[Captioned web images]
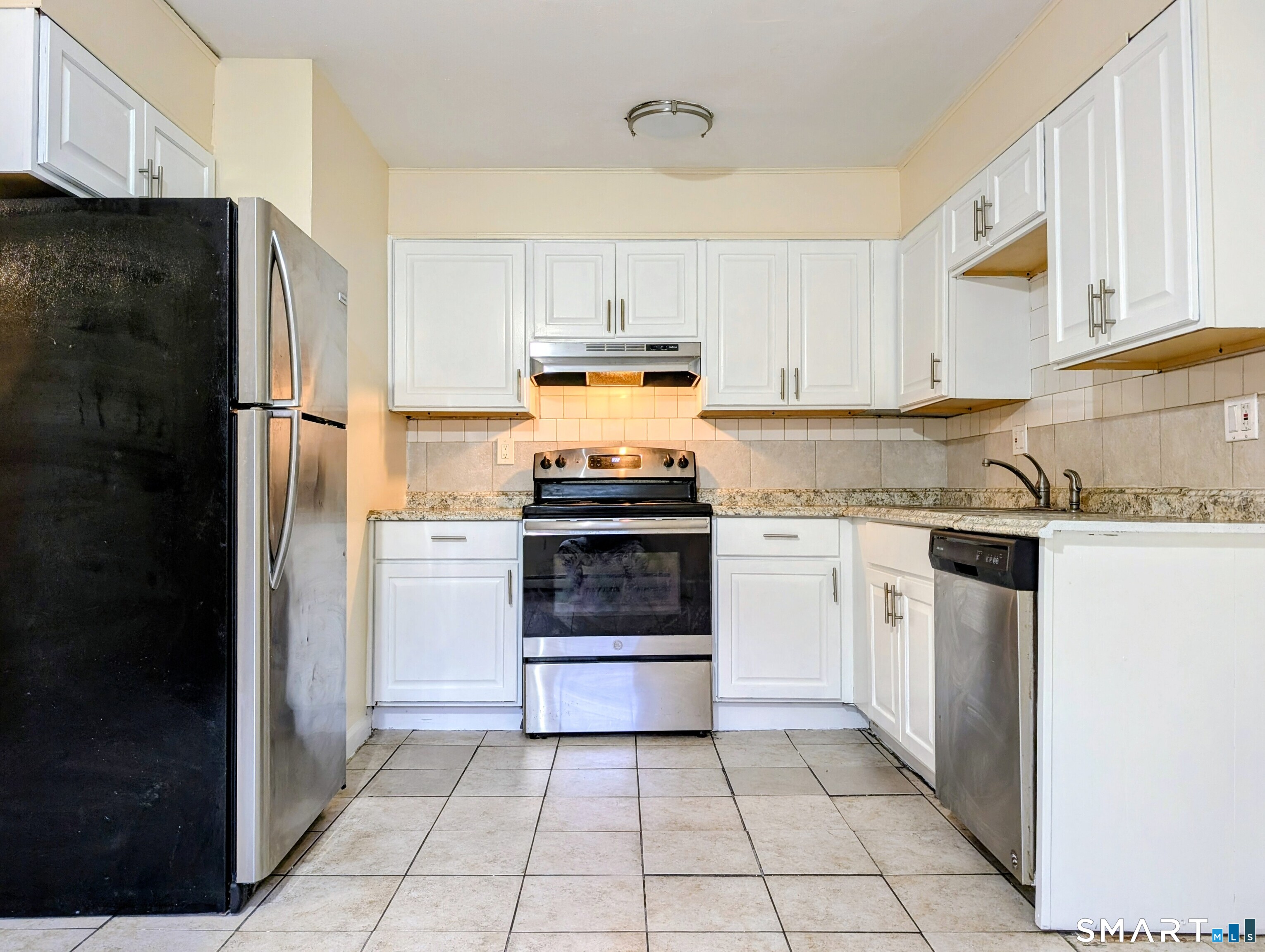 2 Irving Place Danbury CT 06810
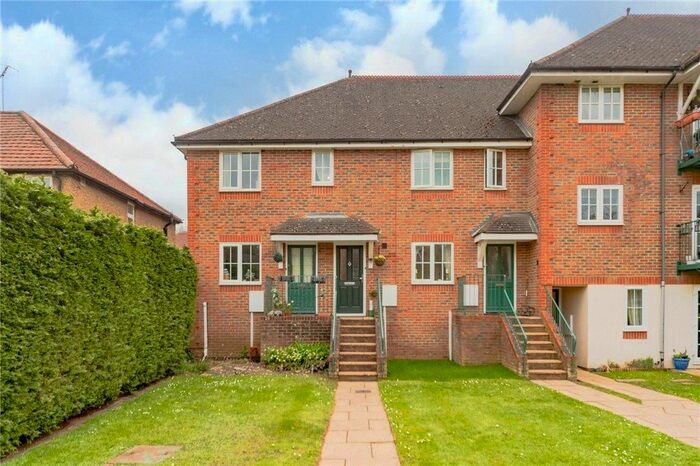 1 Bedroom Flat To Rent In Gallows Lane, High Wycombe, HP12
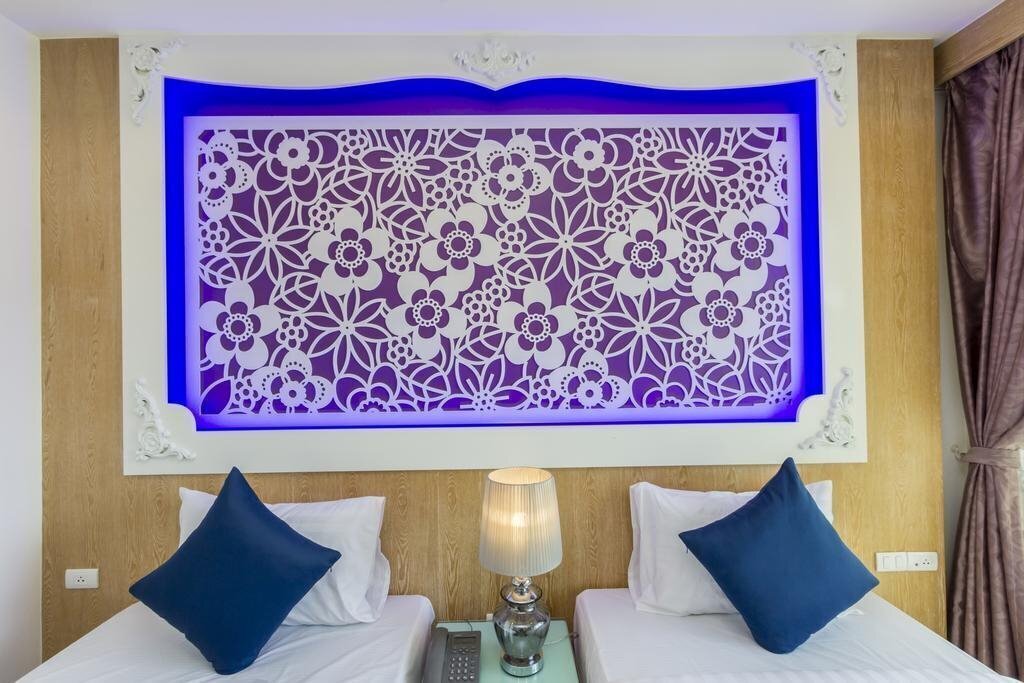 Вид Triple Three Palace 3*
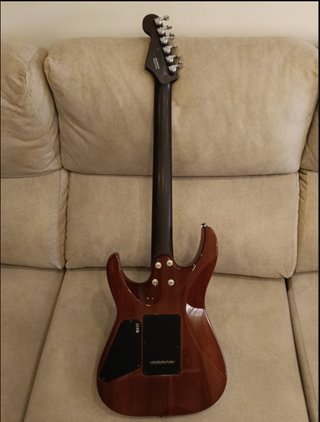 Guitarra Charvel DK24 Made in Japan Sunburst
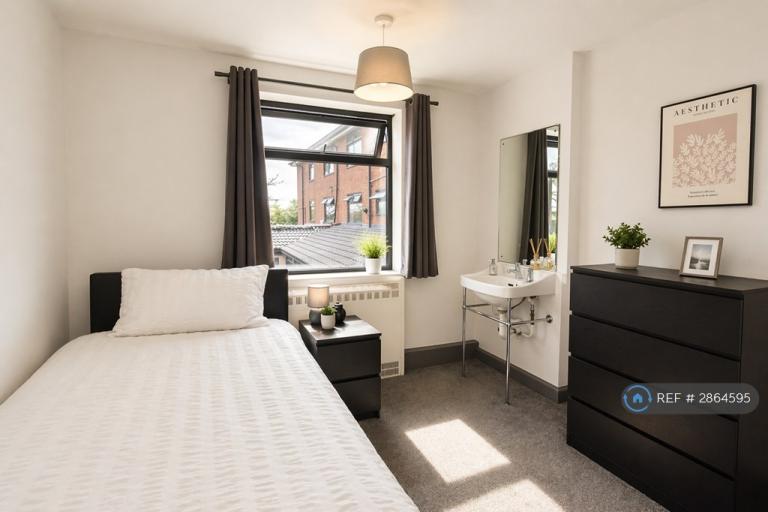 1 bedroom in Reddicap Heath Road, Sutton Coldfield, B75 (#2864595)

■ Task statement
Write the lines above out again exactly, without any of their pictures.

■ Answer for this exercise
 2 Irving Place Danbury CT 06810
 1 Bedroom Flat To Rent In Gallows Lane, High Wycombe, HP12
 Вид Triple Three Palace 3*
 Guitarra Charvel DK24 Made in Japan Sunburst
 1 bedroom in Reddicap Heath Road, Sutton Coldfield, B75 (#2864595)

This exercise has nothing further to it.